I've seen two ways of doing something like this. One, just have a "meta" text field, and format the value to define both the parameter and the value. Joomla! does this, for example, to track custom article properties. It looks like this:
ProductTable
id name meta
--------------------------------------------------------------------------
1 prod-a title:'a product title',desc:'a short description'
2 prod-b title:'second product',desc:'n/a'
3 prod-c title:'3rd product',desc:'please choose sm med or large'
Another way of handling this is to use additional tables, like this:
ProductTable
product_id name
-----------------------
1 prod-a
2 prod-b
3 prod-c
MetaParametersTable
meta_id name
--------------------
1 title
2 desc
ProductMetaMapping
product_id meta_id value
-------------------------------------
1 1 a product title
1 2 a short description
2 1 second product
2 2 n/a
3 1 3rd product
3 2 please choose sm med or large
In this case, a query will need to join the tables, but you can optimize the tables better, can query for independent meta without returning all parameters, etc.
Choosing between them will depend on complexity, whether data rows ever need to have differing meta, and how the data will be consumed.
The Key Value table is a good idea and it works much faster than the SQL Server 2005 XML indexes. I started the same type of solution with XML in a project and had to change it to a indexed Key Value table to gain performance. I think SQL Server 2008 XML Indexes are faster, but have not tried them yet.

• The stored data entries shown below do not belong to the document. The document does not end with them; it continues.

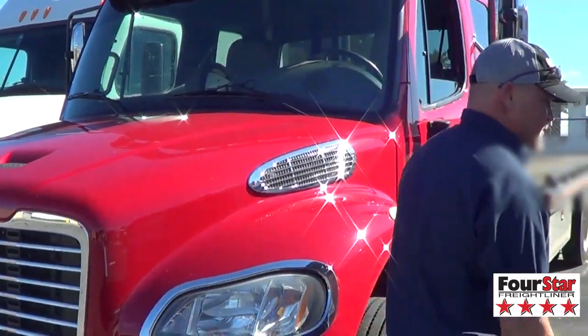My name is Jason Scroggins. I work with 4 Star Freightliner out of Montgomery, Alabama. I'm fixing to show you a short description of how to do a stationary regen on any vehicle. This is an M2 Freightliner.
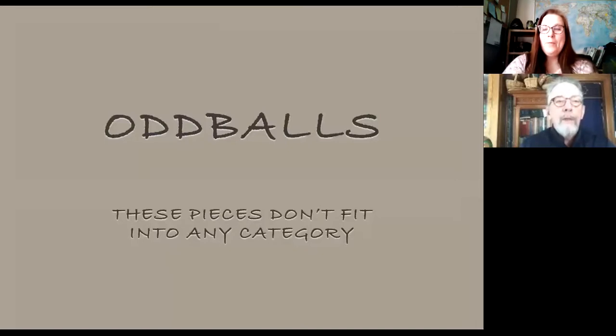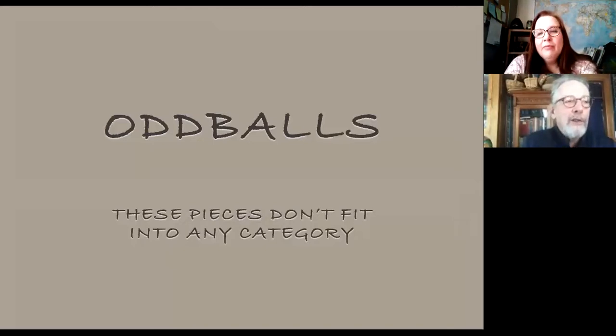So the first thing we're going to look at are these little oddball things. Much to your disbelief, I'm sure if you watched the three episodes of the gallery — these are things that don't really fit into any category. So this will expand even further the concept about what are all the different things you can make on the lathe.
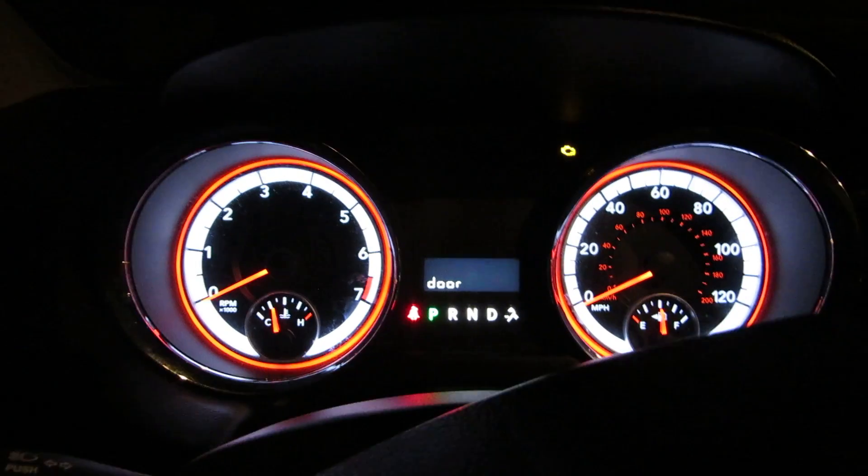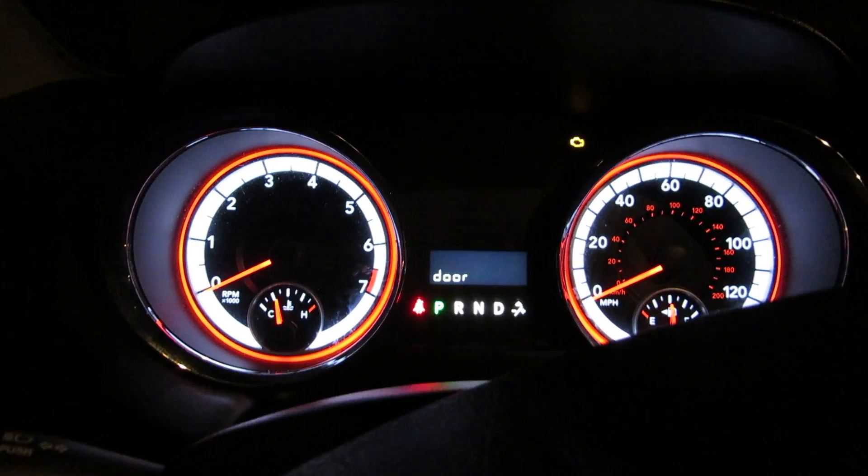Okay, we're in the Dodge van. This is part two of starting it up. This time it will be with the door open.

The XML speed only factors in depending on the size of the data going into the xml column. We had a project that stuffed data into and processed data from an xml column. It was very fast.. until you hit around 64kb. 63KB and less took milliseconds to get the data out or insert into. 64KB and the operations jumped to a full minute. Go figure.
Other than that the main issue we had was complexity. Working with xml data in sql server is not for the faint of heart.
Regardless, your best bet is to have a table of name / value pairs tied to the entity in question. Then it's easy to support having entities with either different properties or dynamically adding / removing properties. This too has it's caveats. For example, if you have more than say 10 properties, then it will be much faster to do pivots in code.
There is also a pattern for this to consider -- called the observation pattern.
See similar questions/answers: one, two, three.
The pattern is described in Martin Fowler's book Analysis Patterns, essentially it is an OO pattern, but can be done in DB schema too.
"altering table columns later down the road will be costly and error-prone right?"
A "table column", as you name it, has exactly two properties : its name and its data type. Therefore, "altering a table column" can refer only to two things : altering the name or altering the data type.
Wanting to alter the name is indeed a costly and error-prone operation, but fortunately there should never be a genuine business need for it. If a certain established column seems somewhat inappropriate, with afterthought, and "it might have been given a better name", then it is still not the case that the business incurs losses from that fact! Just stick with the old name, even if with afterthought, it was poorly chosen.
Wanting to alter the data type is indeed a costly operation, susceptible to breaking business operations that were running smoothly, but fortunately it is quite rare that a user comes round to tell you that "hey, I know I told you this attribute had to be a Date, but guess what, I was wrong, it has to be a Float.". And other changes of the same nature, but more likely to occur (e.g. from shortint to integer or so), can be avoided by being cautious when defining the database.
Other types of database changes (e.g. adding a new column) are usually not that dangerous and/or disruptive.
So don't let yourself be scared by those vague sloganesque phrases such as "changing a database is expensive and dangerous". They usually come from ignorants who know too little about database management to be involved in that particular field of our profession anyway.
Maintaining queries, constraints and constraint enforcement on an EAV database is very likely to turn out to be thousands of times more expensive than "regular" database structure changes.